We can see Margaret Archer there in the photograph with a friend, but her ‘enemy’ is structuration theory, particularly as articulated by Anthony Giddens who argued that structure and agency are co-constituted. She is keen to establish ‘analytical dualism’ between structure and agency to indicate how structure constrains agency, how agency shapes structure, and how culture informs the experience of constraint and the extent to which it is resisted; all of which, in turn, shapes our sense of and capacity for agency. Structures shape people's material conditions, but culture determines how they interpret and react to those conditions. Culture influences whether people accept, resist, or seek to change structural constraints. For Archer, Culture has its own reality distinct from structure and agency, and in this sense, there are overlaps with Popper’s World 3.

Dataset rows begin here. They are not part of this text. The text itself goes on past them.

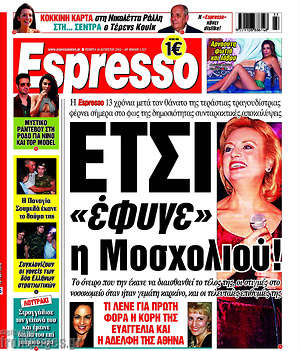 Πρωτοσέλιδο εφημερίδας Espresso - protoselida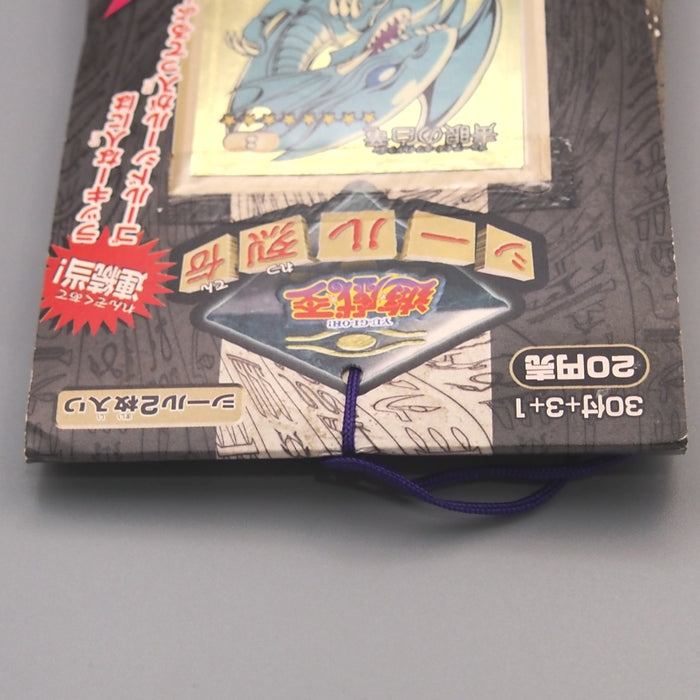 Yu-Gi-Oh AMADA Seal Retsuden Unopened Sealed Sticker Blue-Eyes Japanese P382 | Merry Japanese TCG Shop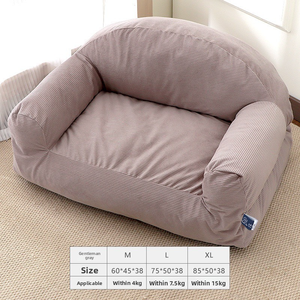 Groothandel Extra Grote Vierkante Eco-vriendelijke Luxe Huisdierenbank Warme Bed Universele Kat & Hond Bed voor Bulk Levering - Product Image 6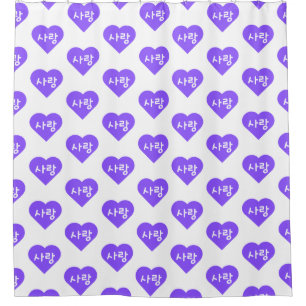 liefde Korean Hangul voor Love in Purple Heart Douchegordijn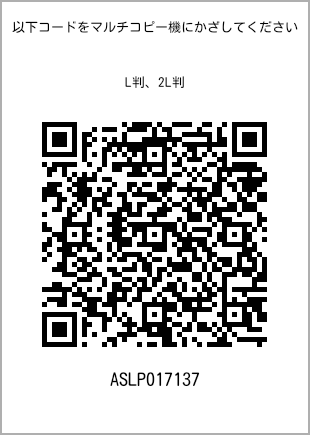 サイズブロマイド L判、プリント番号[ASLP017137]のQRコード。ファミリーマート専用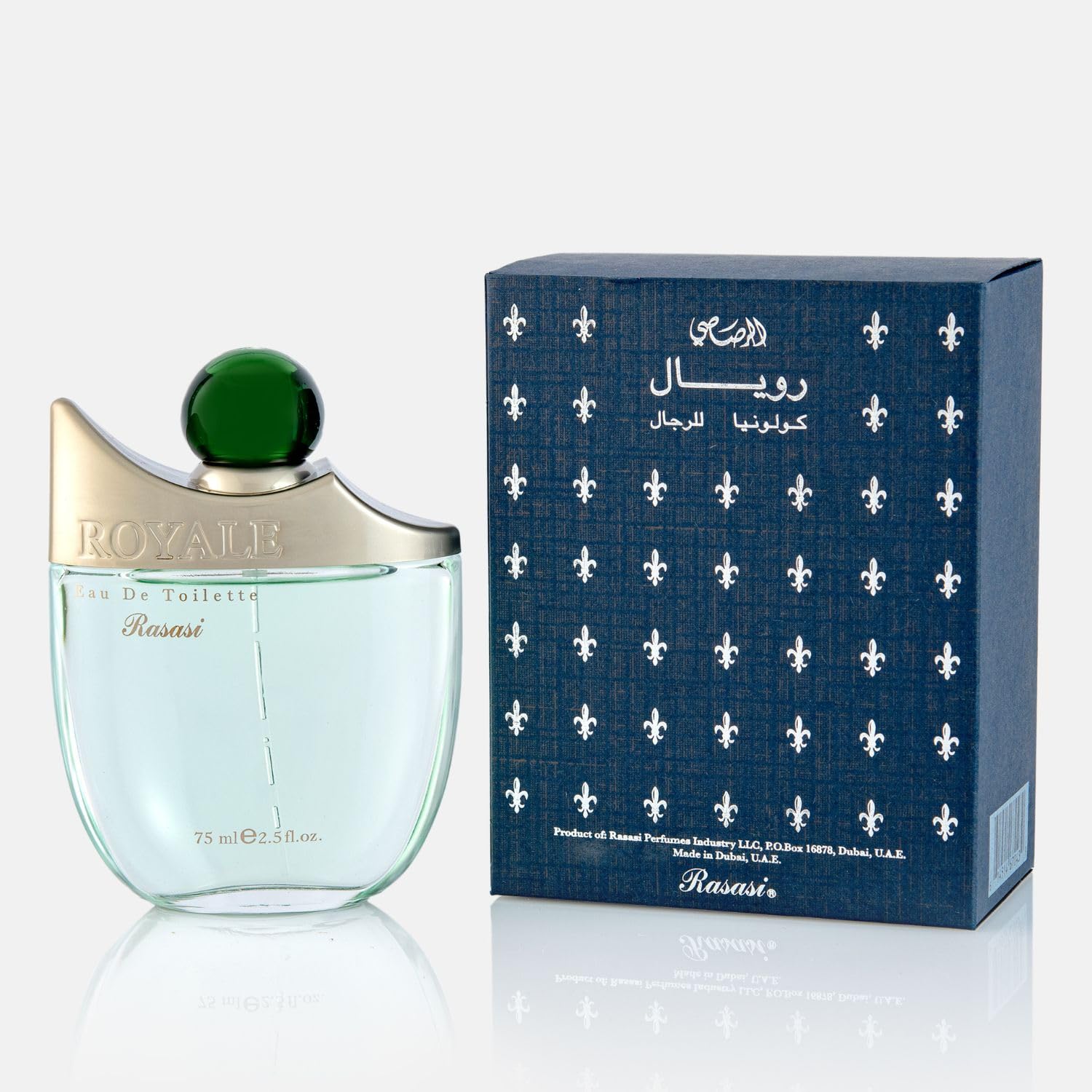 عطر رويال كولونيا للرجال من الرصاصي (Royale Pour Homme - Rasasi) 🌿✨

- Cultural systems are relatively autonomous from social structures; they exert their own influence and must be treated as analytically distinct if we are to understand social change. Culture and Agency, 1988
One value of Archer’s threesome is that it speaks to timing. Social, economic and political structures are malleable, but in non-revolutionary conditions, they take a long time to change. Culture can change relatively quickly but still in the mid-term; and agency can shape things in the short term but mostly it can only gradually influence bigger changes in culture and structure, though that depends on the extent to which the agency is organised, mobolised and focussed.
If you are not a social theorist, and I am not really, perhaps the main thing to take away from Archer is the way she contextualises and foregrounds agency:
- "Social reality is a process; structures precondition actions, but it is human agency that determines whether structures persist or change." Realist Social Theory, 1995
Archer’s emphasis on Agency is distinct here, but there is some consonance with Popper’s World 2, Perspectiva’s Souls, and Guattari’s Mental Ecology. Archer’s emphasis on agency’s power over structure also reminds me of Ursula le Guin’s line:
We live in capitalism. Its power seems inescapable. So did the divine right of kings. Any human power can be resisted and changed by human beings. Resistance and change often begin in art, and very often in our art, the art of words."